Governance for AI Agents (Part 1): The Gap, the OWASP Agentic Top 10, and Where AGT Fits

Governance for AI Agents (Part 1): The Gap, the OWASP Agentic Top 10, and Where AGT Fits


🎯 TL;DR

You’ve built a single agent, or wired up a multi-agent orchestration with LangChain / AutoGen / CrewAI / Microsoft Agent Framework. It works.

Now answer this: how are you covering the OWASP Agentic Top 10? How do you prove to a regulator that the agent did only what it was allowed to do? Prompt engineering and content filters don’t reach the layer where actions happen.

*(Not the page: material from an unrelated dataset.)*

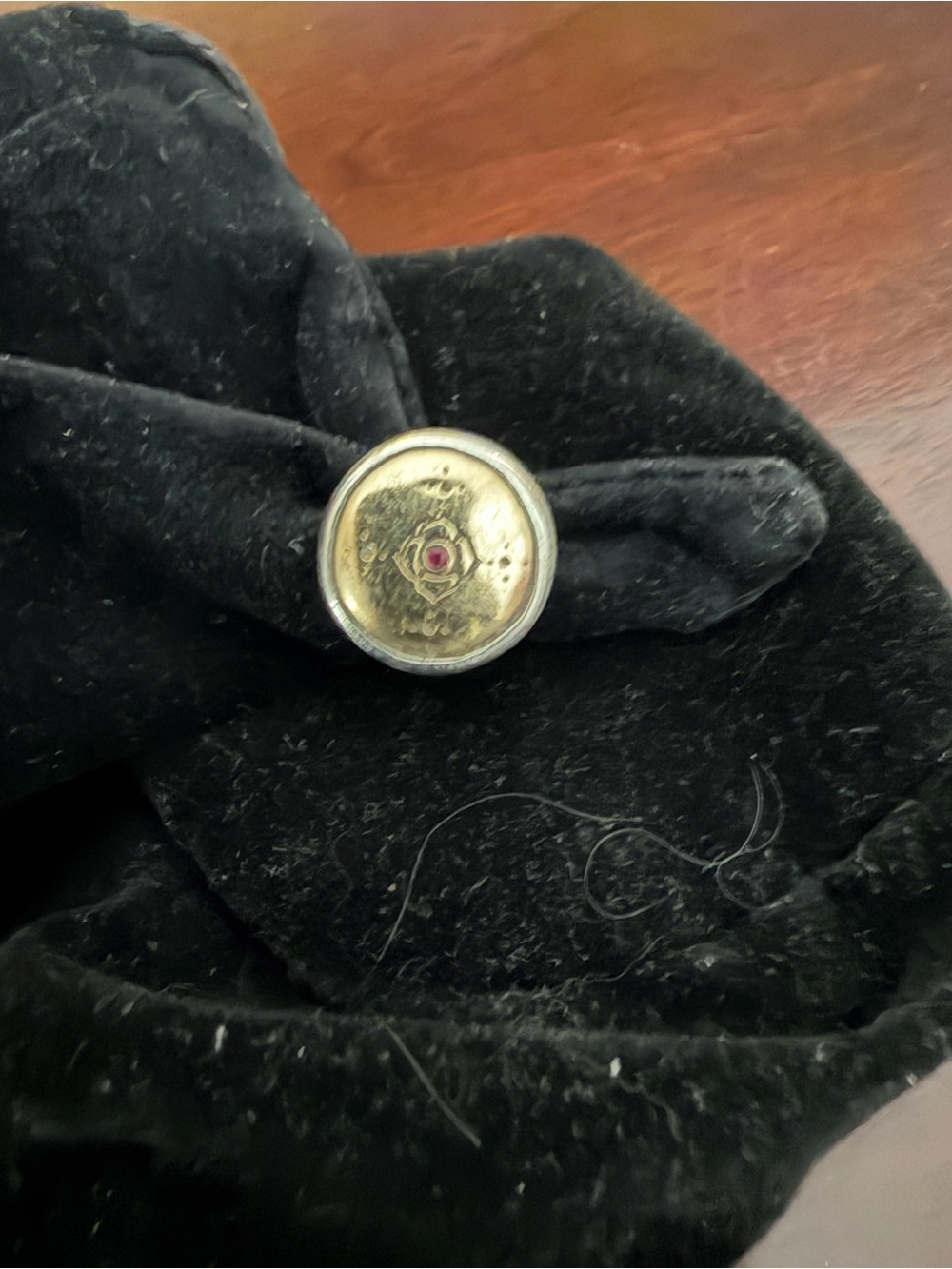Sterling silver ring with 10kt gold ring with a lotus flower in center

The Agent Governance Toolkit (AGT), an open-source Microsoft project I work on, puts a sub-millisecond deterministic policy decision in front of every tool call, gives every agent a cryptographic identity, and produces a tamper-evident audit trail.

This post is Part 1 of a series: what the governance gap is, what the OWASP Agentic Top 10 actually contains, and where AGT sits in your stack.

Repo: github.com/microsoft/agent-governance-toolkit

If you’ve shipped anything with LangChain, AutoGen, CrewAI, or Microsoft Agent Framework recently, you’ve probably hit the same wall I did. The agent works. It plans, calls tools, remembers things. And then you try to put it somewhere it can actually do harm, touch a database, hit a real API, run shell commands, talk to another agent, and you realise you have no good way to bound what it can do.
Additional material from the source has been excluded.